**Exercise details**. Every line of the data is to be transcribed as it stands.

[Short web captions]
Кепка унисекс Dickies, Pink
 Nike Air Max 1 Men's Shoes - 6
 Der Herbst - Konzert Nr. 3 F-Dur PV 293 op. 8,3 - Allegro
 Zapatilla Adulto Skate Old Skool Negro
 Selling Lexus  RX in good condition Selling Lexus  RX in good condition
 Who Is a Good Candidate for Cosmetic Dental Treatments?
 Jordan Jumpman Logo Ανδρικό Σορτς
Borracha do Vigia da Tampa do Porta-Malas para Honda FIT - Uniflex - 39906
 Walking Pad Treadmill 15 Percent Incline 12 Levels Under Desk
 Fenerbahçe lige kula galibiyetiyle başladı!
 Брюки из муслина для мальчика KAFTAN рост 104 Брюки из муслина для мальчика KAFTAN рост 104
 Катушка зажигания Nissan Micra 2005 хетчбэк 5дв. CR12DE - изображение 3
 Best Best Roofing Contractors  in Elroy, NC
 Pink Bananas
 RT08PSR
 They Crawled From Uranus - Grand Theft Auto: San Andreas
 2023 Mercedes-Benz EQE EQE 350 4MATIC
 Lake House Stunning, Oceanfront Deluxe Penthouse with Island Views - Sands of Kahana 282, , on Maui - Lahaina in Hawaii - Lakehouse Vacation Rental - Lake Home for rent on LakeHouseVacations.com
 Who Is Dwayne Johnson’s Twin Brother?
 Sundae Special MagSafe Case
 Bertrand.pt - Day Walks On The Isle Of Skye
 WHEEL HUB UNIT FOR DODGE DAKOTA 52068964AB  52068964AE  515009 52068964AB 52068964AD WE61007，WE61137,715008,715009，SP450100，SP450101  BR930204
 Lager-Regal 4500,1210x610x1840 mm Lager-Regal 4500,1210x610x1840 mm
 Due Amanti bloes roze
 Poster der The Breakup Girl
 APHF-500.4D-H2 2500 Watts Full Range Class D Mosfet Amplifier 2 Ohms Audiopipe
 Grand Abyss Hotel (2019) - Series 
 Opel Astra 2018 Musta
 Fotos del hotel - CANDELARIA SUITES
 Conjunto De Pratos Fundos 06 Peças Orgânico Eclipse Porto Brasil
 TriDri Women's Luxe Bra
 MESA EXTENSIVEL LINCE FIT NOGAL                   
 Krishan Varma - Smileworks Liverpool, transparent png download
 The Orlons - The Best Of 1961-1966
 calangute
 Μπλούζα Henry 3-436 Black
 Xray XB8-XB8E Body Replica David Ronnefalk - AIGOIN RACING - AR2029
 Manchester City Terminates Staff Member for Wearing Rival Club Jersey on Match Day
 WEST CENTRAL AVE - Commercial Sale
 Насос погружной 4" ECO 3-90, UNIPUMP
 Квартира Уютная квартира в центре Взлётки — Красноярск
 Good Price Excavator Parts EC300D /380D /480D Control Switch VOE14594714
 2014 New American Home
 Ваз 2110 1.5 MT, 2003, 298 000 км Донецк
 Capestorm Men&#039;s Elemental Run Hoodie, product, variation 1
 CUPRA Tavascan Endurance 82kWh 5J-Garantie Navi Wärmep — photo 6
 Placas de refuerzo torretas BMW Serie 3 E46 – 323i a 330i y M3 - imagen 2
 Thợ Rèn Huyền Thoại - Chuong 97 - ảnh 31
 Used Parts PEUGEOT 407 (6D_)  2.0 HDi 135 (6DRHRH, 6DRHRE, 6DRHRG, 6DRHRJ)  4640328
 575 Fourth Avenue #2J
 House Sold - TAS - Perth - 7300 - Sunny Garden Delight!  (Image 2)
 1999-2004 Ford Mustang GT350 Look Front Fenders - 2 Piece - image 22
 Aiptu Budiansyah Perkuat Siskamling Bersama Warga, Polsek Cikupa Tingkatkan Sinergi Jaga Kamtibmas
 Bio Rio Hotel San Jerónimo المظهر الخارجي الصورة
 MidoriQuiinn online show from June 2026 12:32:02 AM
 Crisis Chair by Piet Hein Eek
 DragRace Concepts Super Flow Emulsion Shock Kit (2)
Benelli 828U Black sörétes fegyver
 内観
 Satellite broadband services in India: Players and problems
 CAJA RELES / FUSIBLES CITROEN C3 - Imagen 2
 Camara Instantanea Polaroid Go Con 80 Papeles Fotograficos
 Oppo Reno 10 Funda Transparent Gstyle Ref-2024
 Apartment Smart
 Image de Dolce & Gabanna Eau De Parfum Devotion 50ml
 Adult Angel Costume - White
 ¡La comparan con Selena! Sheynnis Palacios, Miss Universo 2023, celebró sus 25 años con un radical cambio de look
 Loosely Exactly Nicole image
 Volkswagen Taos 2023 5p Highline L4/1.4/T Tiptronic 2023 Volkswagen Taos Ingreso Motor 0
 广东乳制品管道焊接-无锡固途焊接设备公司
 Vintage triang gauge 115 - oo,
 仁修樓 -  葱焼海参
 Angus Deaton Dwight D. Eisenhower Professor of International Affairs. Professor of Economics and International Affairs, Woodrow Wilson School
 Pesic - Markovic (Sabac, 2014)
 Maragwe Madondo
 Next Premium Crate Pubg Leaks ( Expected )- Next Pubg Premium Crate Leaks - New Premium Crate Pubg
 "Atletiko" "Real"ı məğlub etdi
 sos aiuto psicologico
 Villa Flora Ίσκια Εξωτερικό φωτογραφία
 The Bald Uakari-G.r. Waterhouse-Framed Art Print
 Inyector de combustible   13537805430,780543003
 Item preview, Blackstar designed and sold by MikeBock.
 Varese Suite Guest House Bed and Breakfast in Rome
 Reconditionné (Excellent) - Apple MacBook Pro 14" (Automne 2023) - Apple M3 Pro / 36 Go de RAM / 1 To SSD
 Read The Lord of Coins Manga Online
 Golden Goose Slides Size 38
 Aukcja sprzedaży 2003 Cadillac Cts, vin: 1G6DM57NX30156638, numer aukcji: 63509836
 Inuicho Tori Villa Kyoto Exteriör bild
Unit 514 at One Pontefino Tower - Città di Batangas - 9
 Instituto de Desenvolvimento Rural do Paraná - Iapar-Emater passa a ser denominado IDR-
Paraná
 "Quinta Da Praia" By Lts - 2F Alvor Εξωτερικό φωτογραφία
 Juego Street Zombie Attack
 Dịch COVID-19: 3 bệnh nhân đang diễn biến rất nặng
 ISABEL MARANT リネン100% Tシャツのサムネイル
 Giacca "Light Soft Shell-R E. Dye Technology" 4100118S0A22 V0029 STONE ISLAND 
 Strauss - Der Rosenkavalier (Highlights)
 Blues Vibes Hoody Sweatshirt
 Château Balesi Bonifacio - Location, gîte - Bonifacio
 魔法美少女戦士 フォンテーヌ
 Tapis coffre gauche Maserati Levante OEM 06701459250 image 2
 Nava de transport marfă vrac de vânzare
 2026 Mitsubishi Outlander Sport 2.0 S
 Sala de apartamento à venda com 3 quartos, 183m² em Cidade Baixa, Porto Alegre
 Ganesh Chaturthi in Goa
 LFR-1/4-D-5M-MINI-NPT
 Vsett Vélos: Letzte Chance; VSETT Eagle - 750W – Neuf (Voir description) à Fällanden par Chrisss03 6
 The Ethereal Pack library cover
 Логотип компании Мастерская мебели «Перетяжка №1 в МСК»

**Result below**.
Кепка унисекс Dickies, Pink
 Nike Air Max 1 Men's Shoes - 6
 Der Herbst - Konzert Nr. 3 F-Dur PV 293 op. 8,3 - Allegro
 Zapatilla Adulto Skate Old Skool Negro
 Selling Lexus  RX in good condition Selling Lexus  RX in good condition
 Who Is a Good Candidate for Cosmetic Dental Treatments?
 Jordan Jumpman Logo Ανδρικό Σορτς
Borracha do Vigia da Tampa do Porta-Malas para Honda FIT - Uniflex - 39906
 Walking Pad Treadmill 15 Percent Incline 12 Levels Under Desk
 Fenerbahçe lige kula galibiyetiyle başladı!
 Брюки из муслина для мальчика KAFTAN рост 104 Брюки из муслина для мальчика KAFTAN рост 104
 Катушка зажигания Nissan Micra 2005 хетчбэк 5дв. CR12DE - изображение 3
 Best Best Roofing Contractors  in Elroy, NC
 Pink Bananas
 RT08PSR
 They Crawled From Uranus - Grand Theft Auto: San Andreas
 2023 Mercedes-Benz EQE EQE 350 4MATIC
 Lake House Stunning, Oceanfront Deluxe Penthouse with Island Views - Sands of Kahana 282, , on Maui - Lahaina in Hawaii - Lakehouse Vacation Rental - Lake Home for rent on LakeHouseVacations.com
 Who Is Dwayne Johnson’s Twin Brother?
 Sundae Special MagSafe Case
 Bertrand.pt - Day Walks On The Isle Of Skye
 WHEEL HUB UNIT FOR DODGE DAKOTA 52068964AB  52068964AE  515009 52068964AB 52068964AD WE61007，WE61137,715008,715009，SP450100，SP450101  BR930204
 Lager-Regal 4500,1210x610x1840 mm Lager-Regal 4500,1210x610x1840 mm
 Due Amanti bloes roze
 Poster der The Breakup Girl
 APHF-500.4D-H2 2500 Watts Full Range Class D Mosfet Amplifier 2 Ohms Audiopipe
 Grand Abyss Hotel (2019) - Series 
 Opel Astra 2018 Musta
 Fotos del hotel - CANDELARIA SUITES
 Conjunto De Pratos Fundos 06 Peças Orgânico Eclipse Porto Brasil
 TriDri Women's Luxe Bra
 MESA EXTENSIVEL LINCE FIT NOGAL                   
 Krishan Varma - Smileworks Liverpool, transparent png download
 The Orlons - The Best Of 1961-1966
 calangute
 Μπλούζα Henry 3-436 Black
 Xray XB8-XB8E Body Replica David Ronnefalk - AIGOIN RACING - AR2029
 Manchester City Terminates Staff Member for Wearing Rival Club Jersey on Match Day
 WEST CENTRAL AVE - Commercial Sale
 Насос погружной 4" ECO 3-90, UNIPUMP
 Квартира Уютная квартира в центре Взлётки — Красноярск
 Good Price Excavator Parts EC300D /380D /480D Control Switch VOE14594714
 2014 New American Home
 Ваз 2110 1.5 MT, 2003, 298 000 км Донецк
 Capestorm Men&#039;s Elemental Run Hoodie, product, variation 1
 CUPRA Tavascan Endurance 82kWh 5J-Garantie Navi Wärmep — photo 6
 Placas de refuerzo torretas BMW Serie 3 E46 – 323i a 330i y M3 - imagen 2
 Thợ Rèn Huyền Thoại - Chuong 97 - ảnh 31
 Used Parts PEUGEOT 407 (6D_)  2.0 HDi 135 (6DRHRH, 6DRHRE, 6DRHRG, 6DRHRJ)  4640328
 575 Fourth Avenue #2J
 House Sold - TAS - Perth - 7300 - Sunny Garden Delight!  (Image 2)
 1999-2004 Ford Mustang GT350 Look Front Fenders - 2 Piece - image 22
 Aiptu Budiansyah Perkuat Siskamling Bersama Warga, Polsek Cikupa Tingkatkan Sinergi Jaga Kamtibmas
 Bio Rio Hotel San Jerónimo المظهر الخارجي الصورة
 MidoriQuiinn online show from June 2026 12:32:02 AM
 Crisis Chair by Piet Hein Eek
 DragRace Concepts Super Flow Emulsion Shock Kit (2)
Benelli 828U Black sörétes fegyver
 内観
 Satellite broadband services in India: Players and problems
 CAJA RELES / FUSIBLES CITROEN C3 - Imagen 2
 Camara Instantanea Polaroid Go Con 80 Papeles Fotograficos
 Oppo Reno 10 Funda Transparent Gstyle Ref-2024
 Apartment Smart
 Image de Dolce & Gabanna Eau De Parfum Devotion 50ml
 Adult Angel Costume - White
 ¡La comparan con Selena! Sheynnis Palacios, Miss Universo 2023, celebró sus 25 años con un radical cambio de look
 Loosely Exactly Nicole image
 Volkswagen Taos 2023 5p Highline L4/1.4/T Tiptronic 2023 Volkswagen Taos Ingreso Motor 0
 广东乳制品管道焊接-无锡固途焊接设备公司
 Vintage triang gauge 115 - oo,
 仁修樓 -  葱焼海参
 Angus Deaton Dwight D. Eisenhower Professor of International Affairs. Professor of Economics and International Affairs, Woodrow Wilson School
 Pesic - Markovic (Sabac, 2014)
 Maragwe Madondo
 Next Premium Crate Pubg Leaks ( Expected )- Next Pubg Premium Crate Leaks - New Premium Crate Pubg
 "Atletiko" "Real"ı məğlub etdi
 sos aiuto psicologico
 Villa Flora Ίσκια Εξωτερικό φωτογραφία
 The Bald Uakari-G.r. Waterhouse-Framed Art Print
 Inyector de combustible   13537805430,780543003
 Item preview, Blackstar designed and sold by MikeBock.
 Varese Suite Guest House Bed and Breakfast in Rome
 Reconditionné (Excellent) - Apple MacBook Pro 14" (Automne 2023) - Apple M3 Pro / 36 Go de RAM / 1 To SSD
 Read The Lord of Coins Manga Online
 Golden Goose Slides Size 38
 Aukcja sprzedaży 2003 Cadillac Cts, vin: 1G6DM57NX30156638, numer aukcji: 63509836
 Inuicho Tori Villa Kyoto Exteriör bild
Unit 514 at One Pontefino Tower - Città di Batangas - 9
 Instituto de Desenvolvimento Rural do Paraná - Iapar-Emater passa a ser denominado IDR-
Paraná
 "Quinta Da Praia" By Lts - 2F Alvor Εξωτερικό φωτογραφία
 Juego Street Zombie Attack
 Dịch COVID-19: 3 bệnh nhân đang diễn biến rất nặng
 ISABEL MARANT リネン100% Tシャツのサムネイル
 Giacca "Light Soft Shell-R E. Dye Technology" 4100118S0A22 V0029 STONE ISLAND 
 Strauss - Der Rosenkavalier (Highlights)
 Blues Vibes Hoody Sweatshirt
 Château Balesi Bonifacio - Location, gîte - Bonifacio
 魔法美少女戦士 フォンテーヌ
 Tapis coffre gauche Maserati Levante OEM 06701459250 image 2
 Nava de transport marfă vrac de vânzare
 2026 Mitsubishi Outlander Sport 2.0 S
 Sala de apartamento à venda com 3 quartos, 183m² em Cidade Baixa, Porto Alegre
 Ganesh Chaturthi in Goa
 LFR-1/4-D-5M-MINI-NPT
 Vsett Vélos: Letzte Chance; VSETT Eagle - 750W – Neuf (Voir description) à Fällanden par Chrisss03 6
 The Ethereal Pack library cover
 Логотип компании Мастерская мебели «Перетяжка №1 в МСК»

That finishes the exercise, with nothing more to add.